#### [Task goal]
Look for the line with "Oakland 22 |" in the data below, then reproduce word for word that line and every line after it. Leave out all pictures and add nothing.

#### [The data]
=== Section Start ===

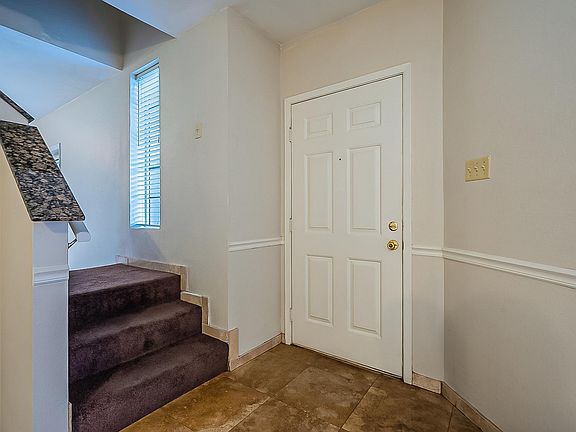 4th image of 1446 E Grovers Ave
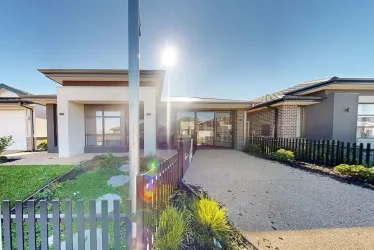 Oakland 22 |  @ Stockland Evergreen - Clyde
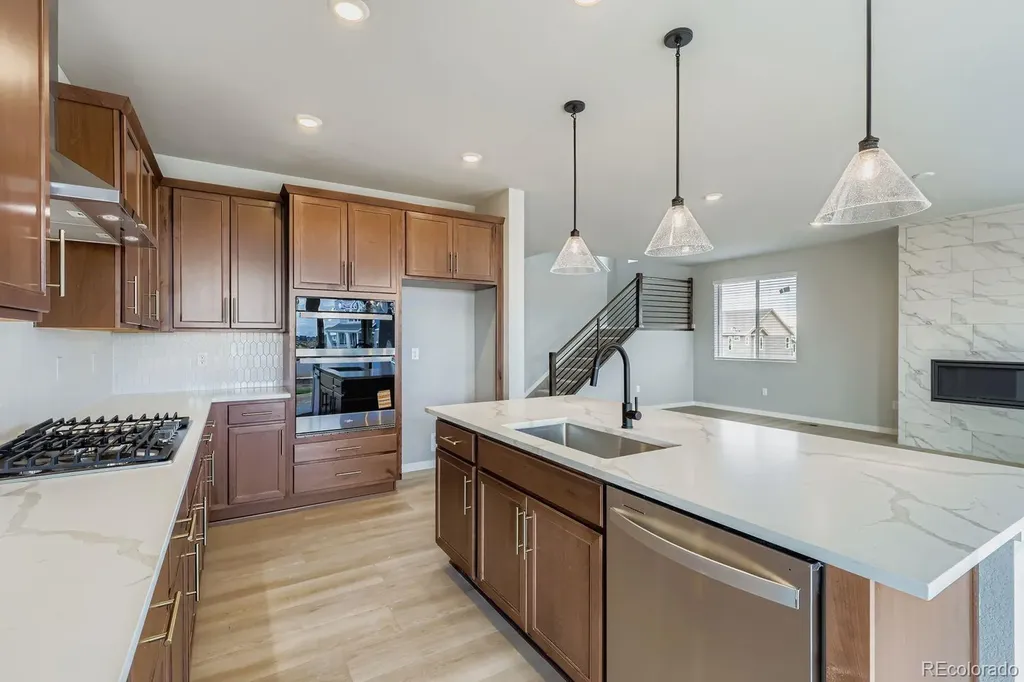 46515 Sunrise Court Bennett CO 80102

=== Section End ===

#### [Solution to this task]
 Oakland 22 |  @ Stockland Evergreen - Clyde
 46515 Sunrise Court Bennett CO 80102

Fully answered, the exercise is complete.